The Cuddy Law Firm had invoked the predictive artificial intelligence tool in a declaration to the court over a case it won against the city’s education department. It said it had done so “to provide context to what a parent — having ChatGPT-4 open and available to them — might take away in researching whether to hire an attorney and who to accept or reject”.

When asked what would be a “reasonable hourly rate” to expect for an associate attorney with up to three years experience in a hearing over disabilities education, the large language model said it could “range anywhere from $200 to $500 an hour”, an attorney at the firm wrote.

He also pointed out that ChatGPT concluded that “lawyers who specialise in a certain type of law (such as special education law, in this case) may command higher rates” and that an attorney with “25 years of experience” might command an hourly rate of up to $1,200 “or even more”.

Judge Paul Engelmayer, who ultimately cut the fees to be awarded to Cuddy’s lawyers by more than half, called the firm’s reliance on the AI program “utterly and unusually unpersuasive”, adding that “barring a paradigm shift in the reliability of this tool, the [firm] is well advised to excise references to ChatGPT from future fee applications”.
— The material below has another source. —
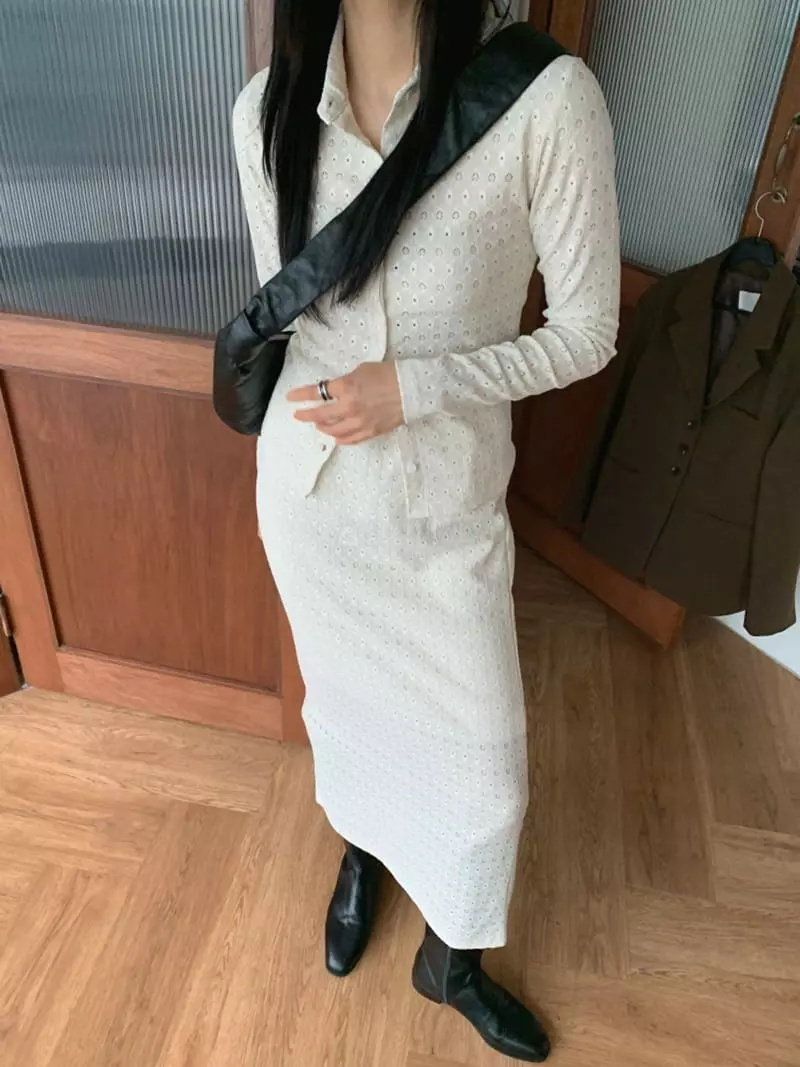 And More - Korean Women Fashion - #momslook - Ponny Lace Skirt - 6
He added that “as the firm should have appreciated, treating ChatGPT’s conclusions as a useful gauge of the reasonable billing rate for the work of a lawyer with a particular background carrying out a bespoke assignment for a client in a niche practice area was misbegotten at the jump”.

Engelmayer also found the number of hours billed by Cuddy to be “excessive or inadequately explained”.

A lawyer at Cuddy said “the underlying assertion was not about ChatGPT’s correctness on rates, but rather, what parents would expect as consumer[s]” and pointed to the difficulties of gathering evidence on fee structures for attorneys working on similar claims, which are rare.

Engelmayer’s rebuke is the latest in a series of admonishments to lawyers by US courts over the use of generative AI. Last year, a judge in the same Manhattan court sanctioned lawyers for submitting a brief compiled with the help of the tool which cited fictitious cases, while another attorney is under investigation for citing a “non-existent” authority generated by ChatGPT.

A lawyer for Michael Cohen, a former attorney for Donald Trump, apologised to a federal judge last month for citing three fictitious cases in a brief, blaming “a series of unfortunate mistakes”. 

An appellate court in Texas is seeking to change its rules to force lawyers to declare whether a generative AI program was used in the drafting of a document, and if so, if it “has been reviewed for accuracy and approved by a human”.